L'Italia non è una repubblica presidenziale e il via vai di questo o quel leader politico, di questo o quel premier a colloquio al Quirinale non è stato centrale per le scelte di investimento, finanziarie e non, nel nostro Paese. Per lungo tempo. Non ricordo una domanda una negli anni passati, rivoltami in tono concitato da un trader o uno strategist o un equity portfolio manager che riguardasse il nostro capo dello Stato.
Tutto questo fino a Giorgio Napolitano. O meglio, fino all'intervento determinante, anche agli occhi dei mercati, di Napolitano in due delicatissimi snodi del rischio-Italia: il ruolo svolto dal Presidente nell'allontanare l'Italia dall'orlo del baratro alla fine del 2011 (con la fine del Governo Berlusconi e l'inizio del Governo Monti) e poi ancora nel traghettare l'Italia fuori dall'impasse politico in cui era caduta dopo le elezioni del febbraio 2013 (aprendo alla sua seconda candidatura).
Napolitano visto dai mercati finanziari è sinonimo di stabilità politica. La sua uscita inevitabilmente riaccende sui monitor dei traders una luce sul rischio di instabilità politica. E quando la politica rallenta il passo, anche i tempi del cammino delle riforme si allungano: e questo sarebbe l'effetto più deleterio per i mercati di uno stallo sull'elezione del successore di Napolitano.
Unicredit, in una nota diramata alla sua clientela istituzionale, ha rassicurato: «Le dimissioni di Napolitano difficilmente porteranno all'instabilità politica e al deragliamento dal processo delle riforme». E questo messaggio, in diverse sfumature ma con la stessa sostanza, lo stanno diramando i desk Italia delle grandi banche internazionali. La partita che giocherà Matteo Renzi per la nomina del prossimo capo dello Stato è molto impegnativa, e sarà seguita da vicino dai mercati perché darà elementi di valutazione importanti per misurare la forza del premier, all'interno del Pd e nei confronti dell'opposizione: tuttavia l'uscita di scena di Napolitano non sta avendo una portata destabilizzante al punto da annullare l'effetto-Draghi e del sovereign QE sui BTp e più in generale sul rischio-Italia.
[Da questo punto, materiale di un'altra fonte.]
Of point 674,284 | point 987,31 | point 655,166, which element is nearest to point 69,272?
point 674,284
Sgombrato il campo dal timore che Mario Draghi potesse lui “salire al Colle” per restarvi(in quel caso le ripercussioni sui mercati sarebbero state destabilizzanti per il futuro dell'euro ma rassicuranti per il futuro dell'Italia), più che per il Quirinale i mercati si appassionano su un altro giro di poltrone, quello all'interno del ministero dell'Economia e delle Finanze e all'interno di Palazzo Chigi. Chi investe in Italia è molto più interessato all'identikit del ministro dell'Economia e poi a scendere del direttore generale del Tesoro (che ha le mani in pasta sulle privatizzazioni e sul debito pubblico), del chief economist al Mef (responsabile per una grossa fetta dei numeri e dei pronostici che caratterizzano il rischio-Italia), del ragioniere generale dello Stato (che ha in mano i conti pubblici).
Dove invece i mercati si perdono è nella duplicazione dei ruoli e delle responsabilità, una specialità molto italiana. Non capiscono bene fino a che punto pesino nei grandi giochi i personaggi che popolano le “cabine di regia” e i ministeri ombra che si aprono e chiudono a Palazzo Chigi. Le domande in tono concitato le ricordo, ma erano concentrate sugli advisor economici del premier Renzi.